The ineffectiveness of the international community’s approach in addressing contemporary challenges to peace and conflict has long been known to practitioners, researchers and policymakers, yet current approaches to peace remain outdated and ineffective. Local ownership, and leadership are acknowledged as crucial to peace, but most peace processes continue to be externally designed, forcing locals into implementing roles instead of being in charge of their design and planning. Ambitious UN initiatives such as the Sustaining Peace agenda have demonstrated a global political will to change this, but they have thus far failed to establish new good practice for conducting effective peace processes.

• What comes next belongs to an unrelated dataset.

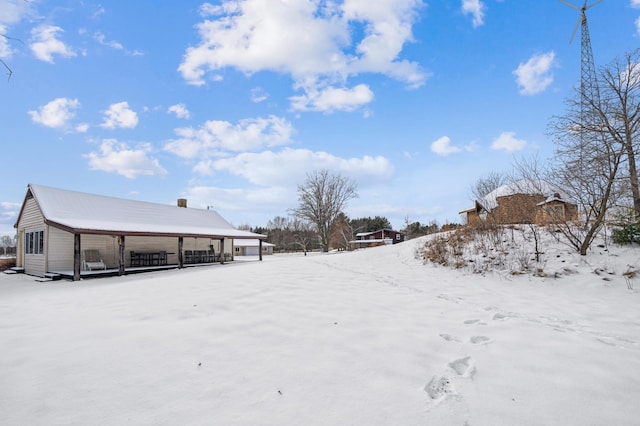 view of yard layered in snow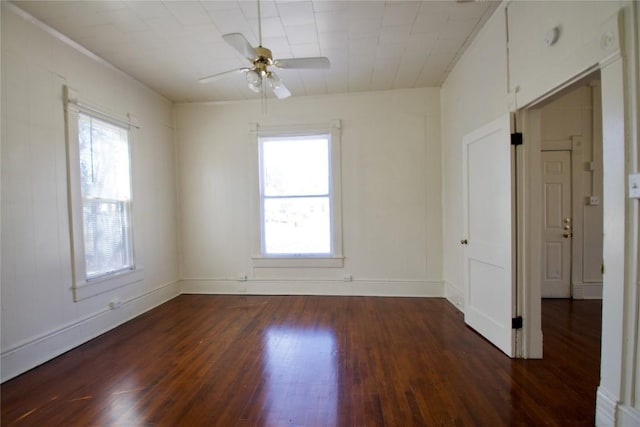 unfurnished room featuring ceiling fan, baseboards, and wood finished floors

This situation calls for a fundamental shift in how peace processes are developed and structured. To that end, we invite local activists, changemakers, organizers, healers, and peacebuilders to join us for a one-day conversation on June 22nd, 2021 on local ownership in peace processes.

Apply now to join the discussion

Using Platform4Dialogue, we will discuss how local actors conceive of local ownership in peace processes. We will also consider how to better structure, sequence and build more inclusive peace processes, ensuring that they are genuinely designed and led by local actors.

During the consultation, some of the key questions we will be asking are as follows:

  • What do you understand by the term ‘local ownership’? What about ‘local leadership’? Are these terms useful?
  • What do you think current approaches to peace processes have failed to consider when it comes to local actors?
  • What do you think of the relationship between the international community and the local actors in peace processes?
  • How could we achieve greater local ownership in peace processes?

While the main language of the consultation will be in English, there will also be opportunity for more focused discussions in French, Spanish in Arabic. Participants who speak French, Spanish and Arabic will be able to use the automatic translate function built into the discussion platform.

Register for the consultation using this link by June 17th, and please forward this to anyone you think might be interested.

Apply now to join the discussion


This consultation is part of Principles for Peace, a global participatory initiative to re-frame the current narrow, exclusionary, and flawed way peace processes are understood and implemented. It facilitates collective effort based on an inclusive bottom-up and top-down process to develop new international principles to better enable local, national and international actors to craft more inclusive peace processes that result in lasting peace.